Everything in my life is bittersweet. When I laugh....I laugh....
When I cry....I cry.....
It's all so intense. Up and down, fast and slow, hot and cold, yet with God...steady and clear.....
The latest in my heart has been "the victim mentality"
Of course, everything in life is in layers. God's been stripping this from me for many years. Only now, in this season....it's CRUCIAL that I do NOT give into the victim mentality.
For me, the thing about playing the victim is that it's SO easy to do. My rights are right in front of me all the time, just speaking to me, "you DESERVE this! He OWES you! You have every right to expect this or that! "
Before I know it, I've spiraled down into a lonely pit of despair....not knowing how to get out.
I've taken this road several times through this journey, only to be trapped, shackled in bitterness and all alone with a voice of shame speaking lies to me.
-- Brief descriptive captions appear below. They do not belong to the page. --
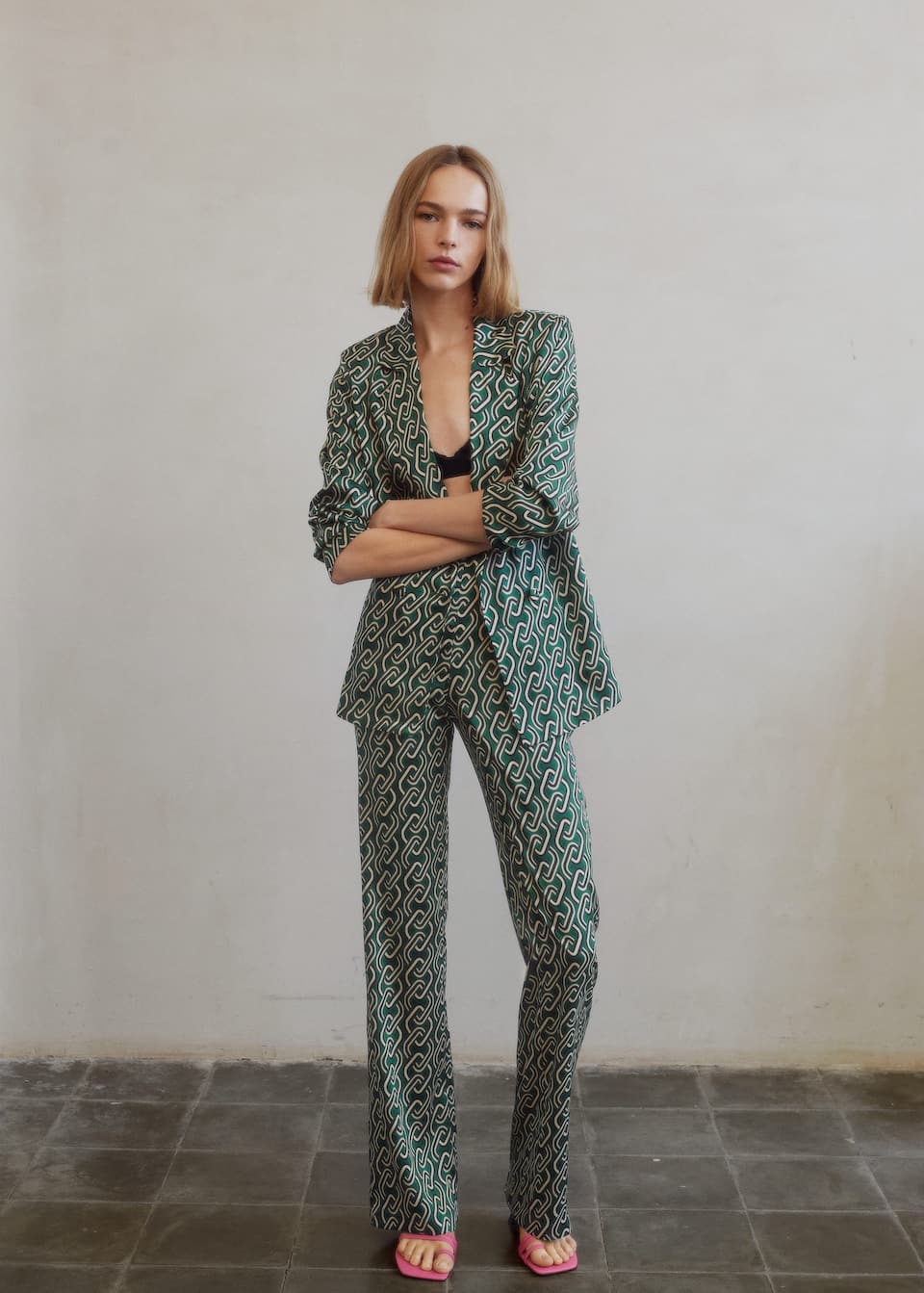 Green chain print shirt in a light fabric, with front double breasted closure. Shown with coordinating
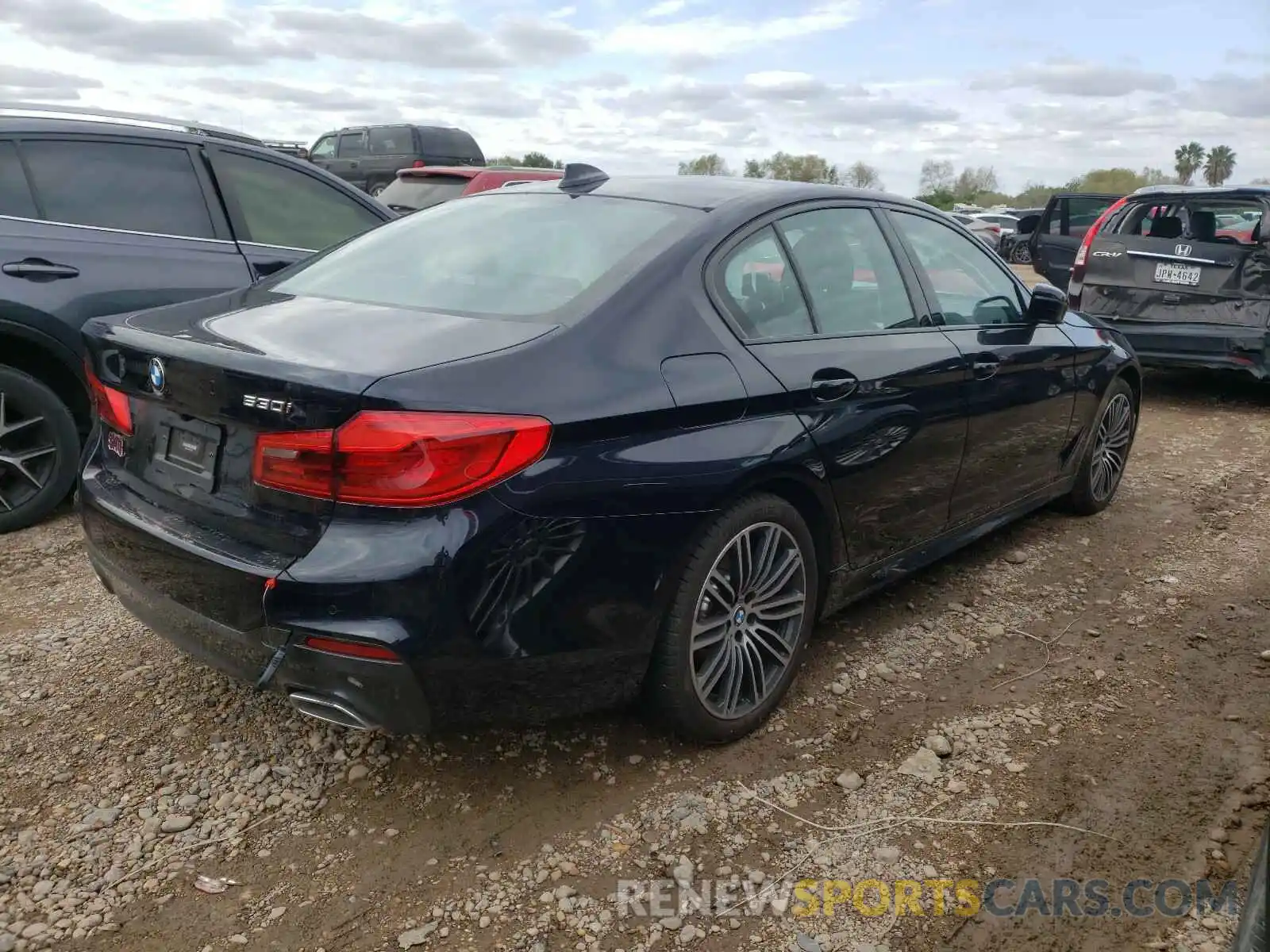 4 Photograph of a damaged car WBAJR3C09LCE31219 BMW 5 SERIES 2020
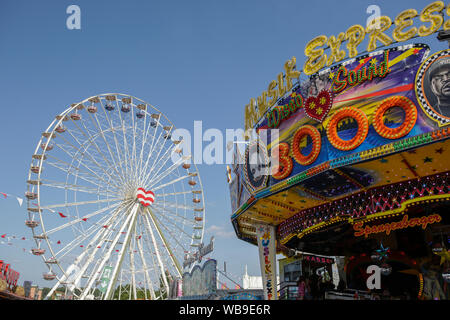 Worms, Germany. 24th August 2019. A Ferris wheel and the Music Express 300 ride at the Backfischfest 2019. The largest wine and funfair along the river Rhine, the Backfischfest started in Worms with the traditional handing over of power from the Lord Mayor to the mayor of the fishermen’s lea. The ceremony was framed by dances and music. Stock Photo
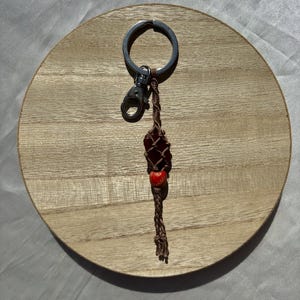 May include: A brown and red beaded keychain with a silver key ring. The keychain is made of macrame and has a small red bead with a white design.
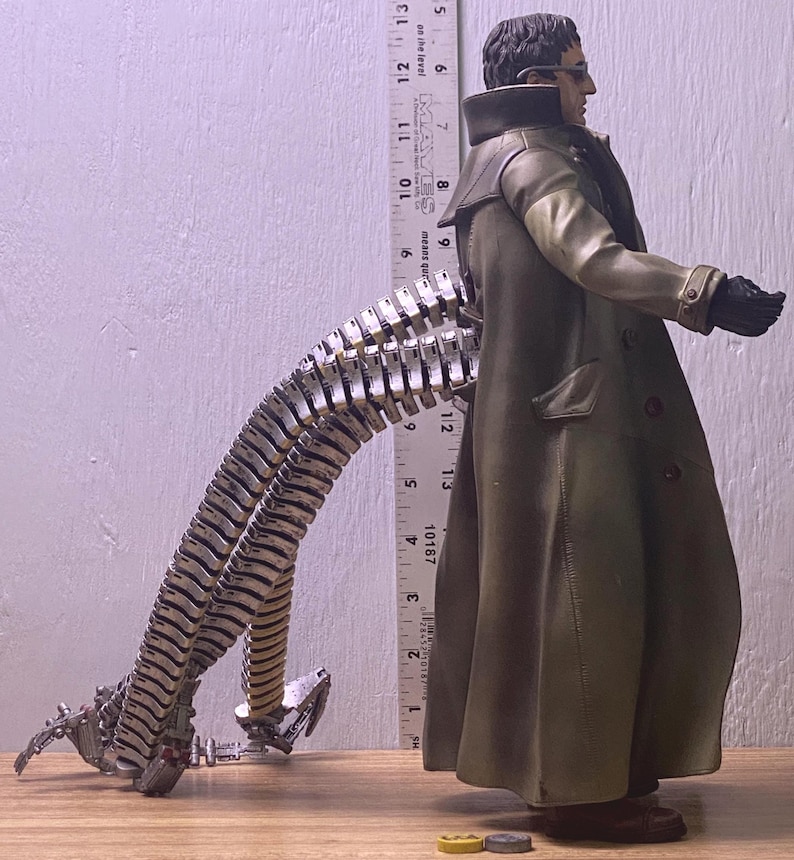 May include: A detailed action figure of Doctor Octopus, featuring a long olive green coat, black gloves, and metallic tentacles. The figure is posed with one arm extended. A ruler is placed next to the figure, measuring approximately 13 inches.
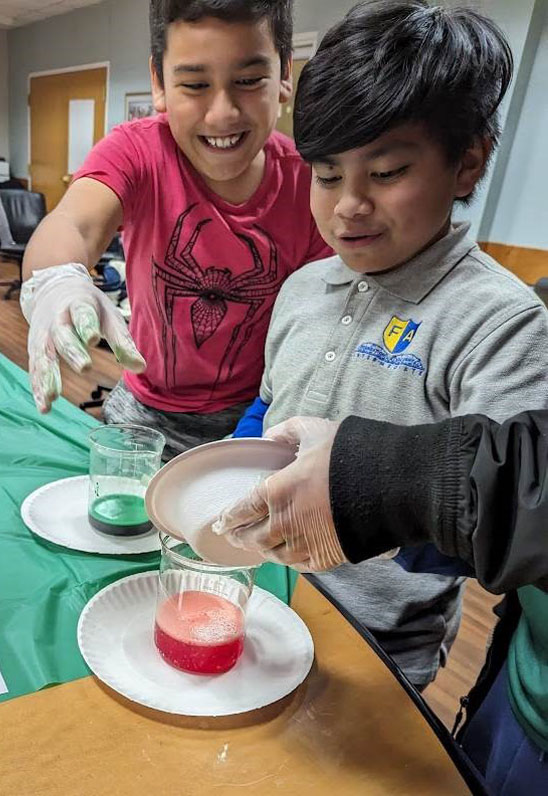 Two smiling young boys look on as a gloved hand pours salt into test tubes of liquid one red and one green. 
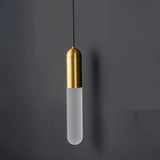 "A modern brass pendant light with a frosted, elongated cylindrical shade hanging against a dark gray background."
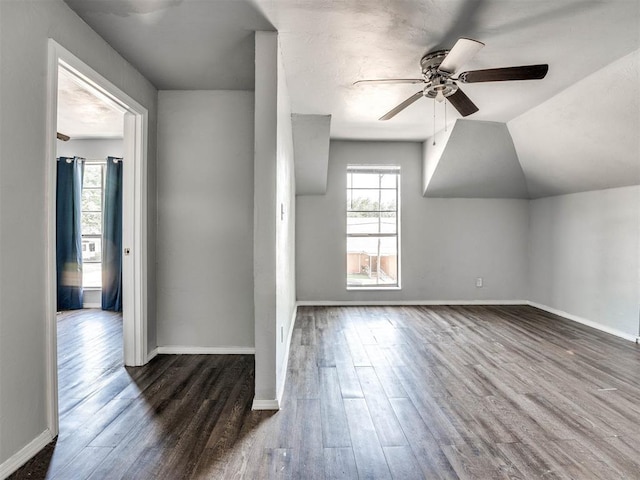 bonus room with dark hardwood / wood-style floors, ceiling fan, and lofted ceiling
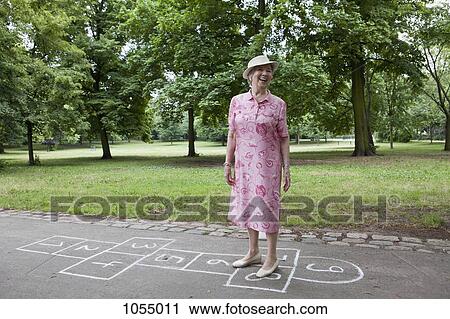 Woman standing on hopscotch markings View Large Photo Image Stock Image - Woman standing on hopscotch markings. Fotosearch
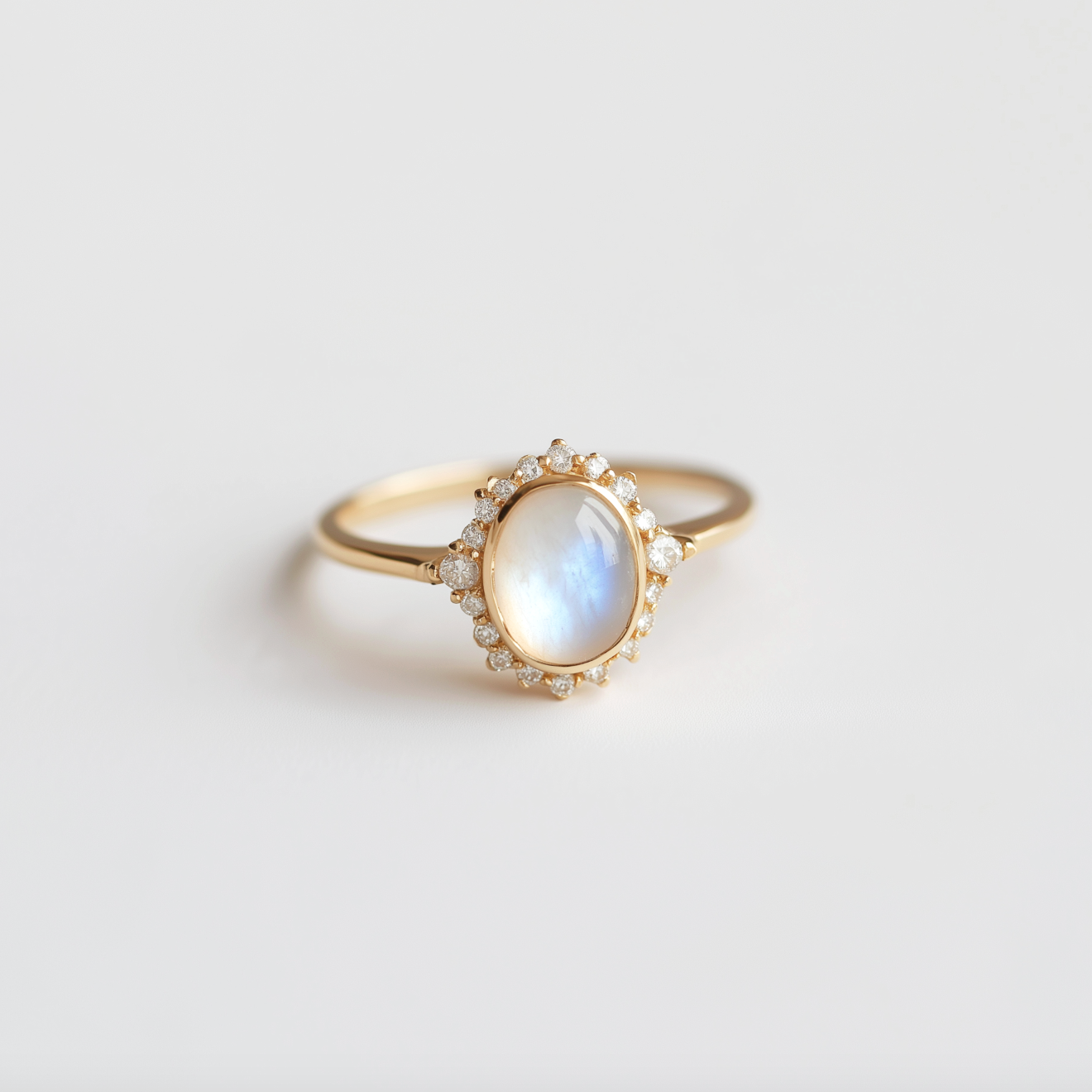 Elara’s Luster | Classic Oval Moonstone Halo Engagement Ring.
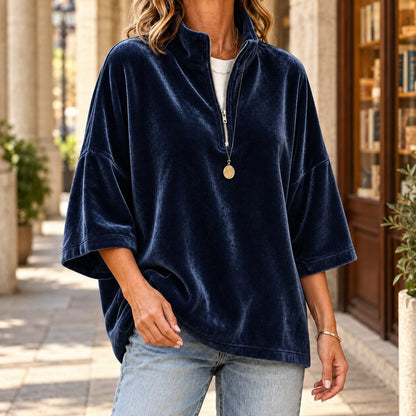 Women's navy quarter zip sweater with a velvety finish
it's so true that God is the healer of our hearts. I can only ask God to change me, I can't do it by myself. I can only pray for a broken spirit, I can't "will" repentance. Only God can truly lead me there. Without God, this really would be impossible.
I can't tell you how many times, my flesh is the only thing I can hear, see, taste, and feel. It screams out for self protection. It screams out selfish cries for justice and for self....all I can see with my eyes before me is the wound, the hurt, the offense. But yet, as the bitterness grips me, and the voice that says "I'm not worth anything" speaks crap into my spirit...I know I'm at a crossroads. I have to make a choice. There's nothing in my flesh that WANTS to submit. Nothing in me that desires to lay down my rights....but I hear a small voice telling me to lay it down. Telling me I need to repent....
I heard a story of a 2 year old yesterday that gave me a perfect picture of me as a human and a child of God. This describes me to a T!
This child has been going through "a phase" Lately, for some unknown reason, the 2 year old will not submit! He won't come when he's called. If he's asked to look at his parent, he'll turn and look the other way out of defiance! when the parent takes his face and physically holds it so he can look at her, his eyes will wander to the ceiling, or the wall. No matter how many spanks he gets, he will not lay down, or stop what he's doing. But.....he will break.....there's no other way out.......
Sounds like me. 3 days ago, I decided that I deserved a few things. Within 48 hours of pursuing my personal rights, I was alone, tormented spiritually and separated from Joe. In desperation, Running to God, pleading with him to speak to me His truth. My head had been filled with a bunch of lies and I needed breakthrough.
He graciously, yet painfully peeled back my pride enough to show me how He carried my sins to His very death. How the nails He took for me... He took with no strings attached. He again reminded me that all of us need the cross. Not one more than the other, but all His kids need forgiveness and mercy. As I repent of believing these lies and laying down my rights and picking up my cross, I see clearly that I am always called out to live as God has called me. And that NO ONE can take me out of the will of God but ME! If I'm a "victim" then I believe the lie that "I'm not really held accountable, because it wasn't my fault." I will miss out on God's best for me because I'm not walking in obedience! By walking out of God's plan for me, I am selling myself short of God's blessings and protection. Plus on top of all that, my relationship with my hubby is being damaged by my selfishness.
His cross, death and resurrection breaks our sin right off. Through that, I am able to walk in true forgiveness, true love and true freedom. Joe said to me, "I don't want to walk behind you. I want to walk this beside you" That pierced my heart. With the victim mentality, Joe would be miles behind me. That's not God's heart. And it's not the truth! And that's not what reconciliation is. Through God's work on the cross, we can all walk together, without comparing, without jealousy or boasting. I can walk hand in hand with my hubby, because we have both been saved by His amazing grace.....
2 comments:
Thanks, I needed that! :)
Again...I am blessed by what you write and how you word it all.
I was challenged back in November to stop believing that I'm "a victim" but to start telling myself and believing that "I'm an over-comer!"